Additional parameters for
svrep::as_bootstrap_design()
.
Value
A pif_class()
object containing the bootstrap simulations for the
population attributable fraction, and the average relative risk.
Additional parallelization options
Faster computation occurs when doing parallelization which allows to use more cores in your
machine. Parallelization utilizes the future::future()
package. For paralelization to work you
need to establish a plan (see future::plan()
for more information).
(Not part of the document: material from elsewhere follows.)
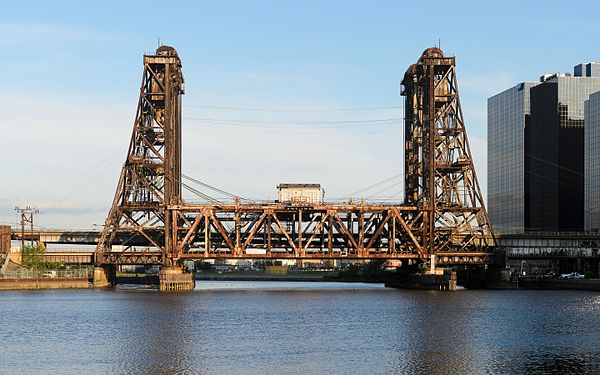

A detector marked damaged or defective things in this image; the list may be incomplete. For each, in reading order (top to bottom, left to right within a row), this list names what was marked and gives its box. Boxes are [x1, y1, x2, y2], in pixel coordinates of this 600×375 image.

rusty steel truss [95, 46, 496, 268]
The most common
way to create parallelization in your local machine is to do:
References
Chan CE, Zepeda-Tello R, Camacho-García-Formentí D, Cudhea F, Meza R, Rodrigues E, Spiegelman D, Barrientos-Gutierrez T, Zhou X (2023). “Nonparametric Estimation of the Potential Impact Fraction and Population Attributable Fraction with Individual-Level and Aggregated Data.” 2207.03597.
Examples
# Use the ensanut dataset
data(ensanut)
# EXAMPLE 1
# Setup the survey design
options(survey.lonely.psu = "adjust")
design <- survey::svydesign(data = ensanut, ids = ~1, weights = ~weight, strata = ~strata)
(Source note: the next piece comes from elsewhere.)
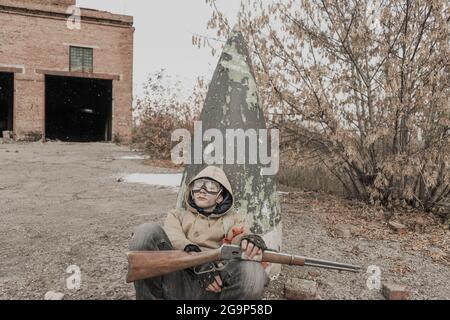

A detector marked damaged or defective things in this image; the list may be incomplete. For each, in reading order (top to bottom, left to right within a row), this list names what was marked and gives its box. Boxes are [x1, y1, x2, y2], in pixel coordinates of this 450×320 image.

peeling paint on cone [176, 25, 282, 276]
rr <- function(X, theta) {
exp(
theta[1] * X[, "age"] + theta[2] * X[, "systolic_blood_pressure"] / 100)
}
paf(design,
theta = log(c(1.05, 1.38)), rr,
additional_theta_arguments = c(0.01, 0.03), n_bootstrap_samples = 10,
)
#> ── Population Attributable Fraction (PAF) ──────────────────────────────────────
#> counterfactual relative_risk
#> 1 Theoretical_minimum_risk_level Relative_Risk_1
#> 2 Theoretical_minimum_risk_level Relative_Risk_1
#> 3 Theoretical_minimum_risk_level Relative_Risk_1
#> population_attributable_fraction average_relative_risk average_counterfactual
#> 1 -10.15319 56724.76 1
#> 2 -71.39238 -233921.36 1
#> 3 51.08599 347370.87 1
#> type
#> 1 point_estimate
#> 2 Lower 2.5%
#> 3 Upper 97.5%
#> ────────────────────────────────────────────────────────────────────────────────
#> • Number of bootstrap simulations: 10
#> ✖ A low number of bootstrap simulations will result in an unstable estimate.
#> • Use `as.data.frame` to access values.
#> • Use `summary` to save list of main results.
# EXAMPLE 2
# Now do the same but using a replicate design
options(survey.lonely.psu = "adjust")
rep_design <- svrep::as_bootstrap_design(design, replicates = 10)
paf(rep_design,
theta = log(c(1.05, 1.38)), rr,
additional_theta_arguments = c(0.01, 0.03)
)
#> ── Population Attributable Fraction (PAF) ──────────────────────────────────────
#> counterfactual relative_risk
#> 1 Theoretical_minimum_risk_level Relative_Risk_1
#> 2 Theoretical_minimum_risk_level Relative_Risk_1
#> 3 Theoretical_minimum_risk_level Relative_Risk_1
#> population_attributable_fraction average_relative_risk average_counterfactual
#> 1 -2.58360 38075.31 1
#> 2 -23.23141 -186912.70 1
#> 3 18.06421 263063.32 1
#> type
#> 1 point_estimate
#> 2 Lower 2.5%
#> 3 Upper 97.5%
#> ────────────────────────────────────────────────────────────────────────────────
#> • Number of bootstrap simulations: 10
#> ✖ A low number of bootstrap simulations will result in an unstable estimate.
#> • Use `as.data.frame` to access values.
#> • Use `summary` to save list of main results.